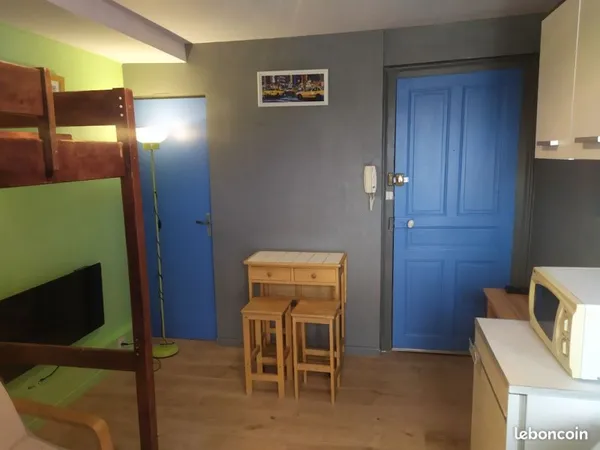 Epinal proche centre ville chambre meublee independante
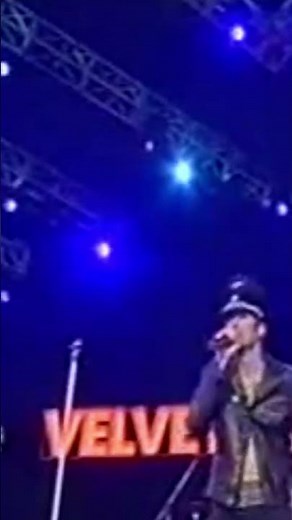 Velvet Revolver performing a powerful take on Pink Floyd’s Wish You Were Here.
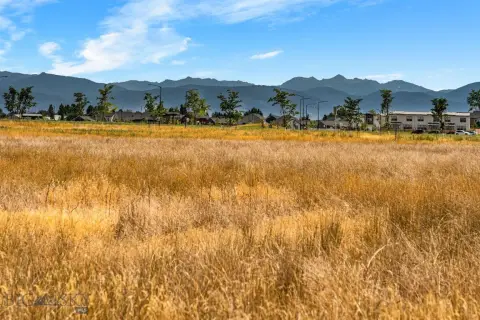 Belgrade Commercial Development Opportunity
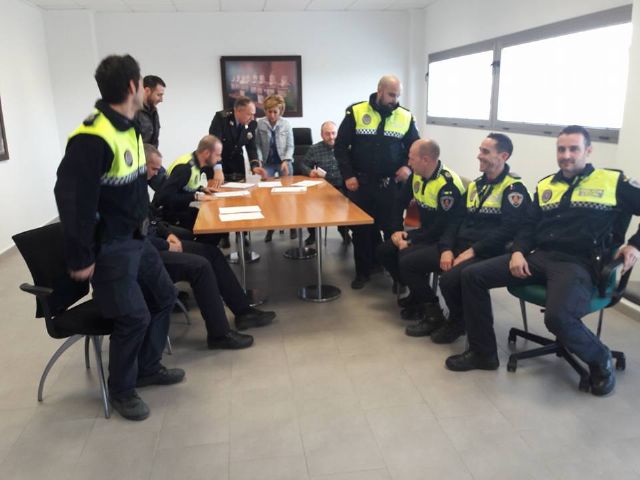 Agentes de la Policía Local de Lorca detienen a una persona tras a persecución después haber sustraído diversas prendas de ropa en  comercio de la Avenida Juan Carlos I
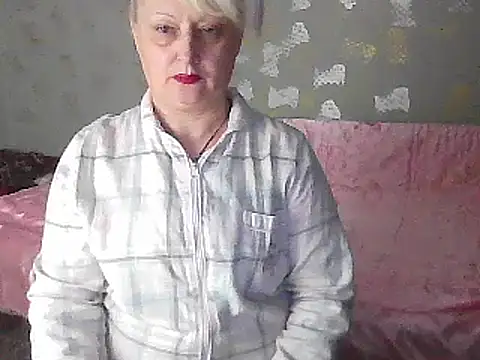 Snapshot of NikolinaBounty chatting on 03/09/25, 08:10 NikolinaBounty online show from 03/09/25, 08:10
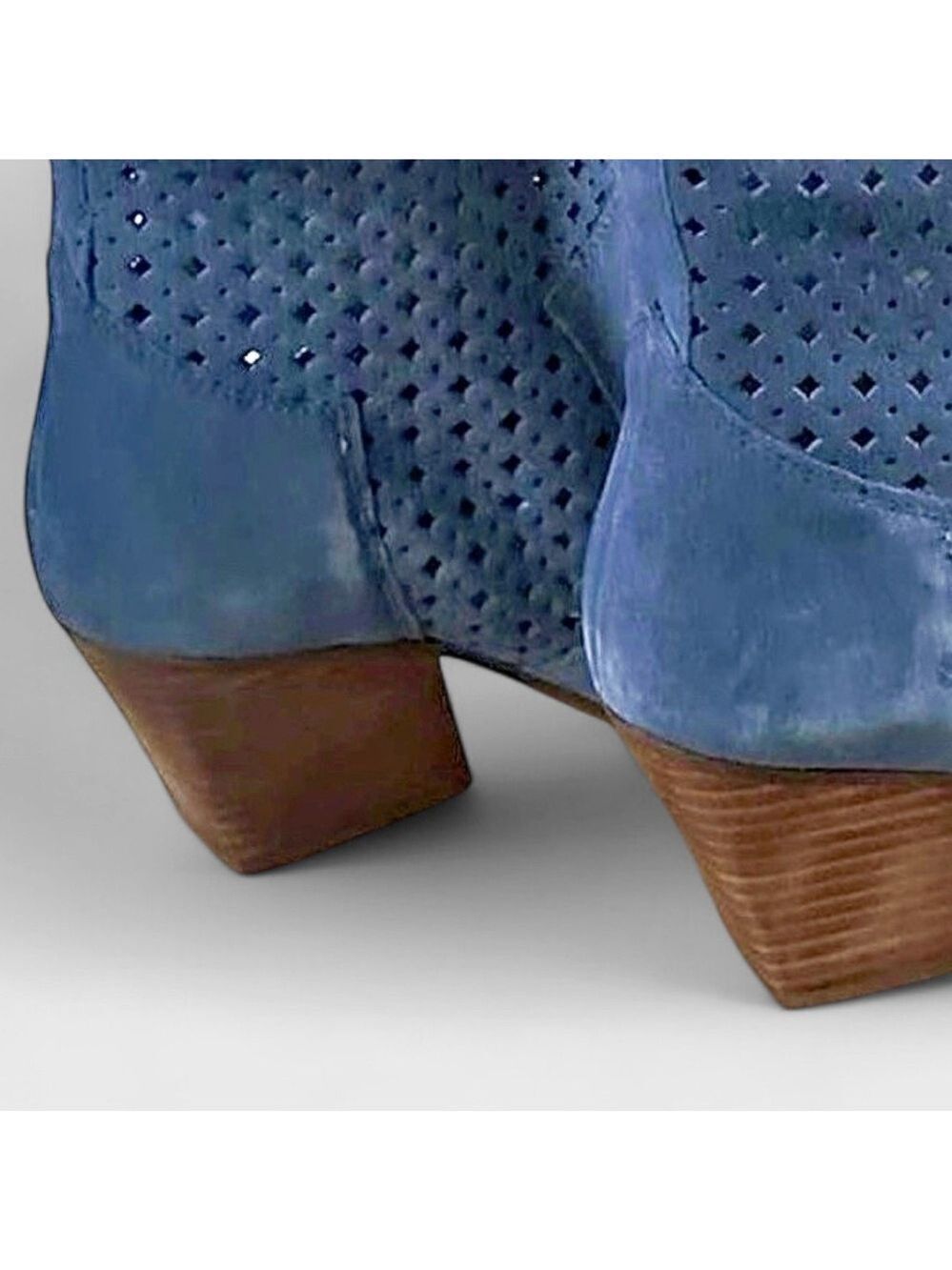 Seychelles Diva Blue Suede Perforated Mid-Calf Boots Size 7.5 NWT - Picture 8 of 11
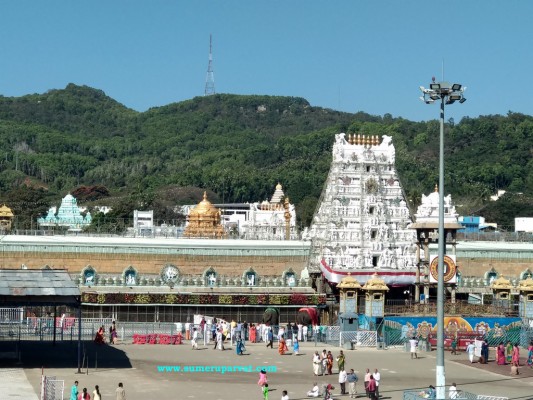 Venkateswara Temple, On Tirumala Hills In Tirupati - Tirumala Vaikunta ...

## About this exercise:
After locating the line containing "Velvet Revolver performing" in the entries above, return it and every line after it exactly, ending at the line containing "Seychelles Diva Blue", without pictures.

## Response:
 Velvet Revolver performing a powerful take on Pink Floyd’s Wish You Were Here.
 Belgrade Commercial Development Opportunity
 Agentes de la Policía Local de Lorca detienen a una persona tras a persecución después haber sustraído diversas prendas de ropa en  comercio de la Avenida Juan Carlos I
 Snapshot of NikolinaBounty chatting on 03/09/25, 08:10 NikolinaBounty online show from 03/09/25, 08:10
 Seychelles Diva Blue Suede Perforated Mid-Calf Boots Size 7.5 NWT - Picture 8 of 11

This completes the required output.